Wednesday, June 30, 2010

Put More Jungle in the Jungle

29 th

Today I had breakfast and coffee wit Solep and Dehwehwim, the Burmese workers who are also living at Sanom Beach. It was really nice, and delicious. The sauce was tomato, onion, oil… over rice. Then there were these big hunks of beef (think beef jerky) that were soaked in oil and spices to sort of rehydrate, and you pulled strips of the meat off the block with your teeth. I taught Solep some phrases in English. I spontaneously wrote a good poem. In town, I wrote some stuff for Udall, worked more on poems and went around with photos for a while. I met up with John and talked over lunch about what it is like to retire in Thailand. I snorkled off Sanom beach again (hoping to see the small shark) but it was very murky conditions because of the quite drastic tides from the nearly full moon so I didn’t see much of anything. I lay down on the beach to write, my first intentional exposure to the sun on the trip and suddenly I feel rain falling on me. I look up and there are no rain clouds, just whispy white smudges, but it keeps raining. Fine! I shout to the sky. I see, no sunbathing! And just then I look out at the water and a strange fruit is floating towards me in the surf. It’s a kind of lumpy rainbow pineapple. When I pick it up it looks very much like a pineapple, with brown wilting leaves at the top, but big fat sections that stick out like molars. The ends of the sections are yellow with brown dots, the middle parts are green and inside the crevices is bright red. The meat, where the skin was torn seemed papery and white like a… honey comb or sugar cane. The elements apparently say no sunbathing, but pineapple is O.K.

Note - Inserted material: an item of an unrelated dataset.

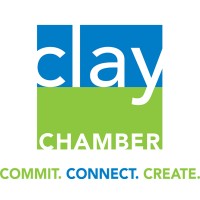 Clay County Chamber of Commerce logo - Similar company to North Florida Business & Finance (Nfbf)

I went out for dinner and found a new place that is quite lovely. It just re-opened a few days ago. It is a bar/restaurant on the beach, made and decorated with driftwood and other beach found items. There are Pringal cans with lights in them along the celing, tree roots made to lanterns, walls made of glass bottles and cement (the nozzles sticking out). Everything it seems is made out of stumps, or drift wood, decoared, and covered with pillows. There are bottle caps mosaics on the pillars. The food is really really delicious (the best I’ve had on lipe) and cheap (before I got a discount), the guys who work there are friendly and kind. I interviewed one with long decorated dreadlocks, named Mut (moot), about the bar. It was a nice interview because it was (a. in english) and b. I got a few different answers that normal. For instance, he said

“I think that if everyone took… if you have your home and you take care in front your home, beside your home, that is enough. If you are thinking you want to help everything in the island, too much, because you cannot do by yourself alone. But if you have one home, your home, make nicer, make something clean, make a small tree, coconut tree, or something, you can do… I have some land too in the jungle and it grow up everytime when I go to the jungle. I put more tree like the lemon, the coconut, I grow chilis, pumpkin…put more jungle in the jungle…if everybody do, Lipe will be beautiful.”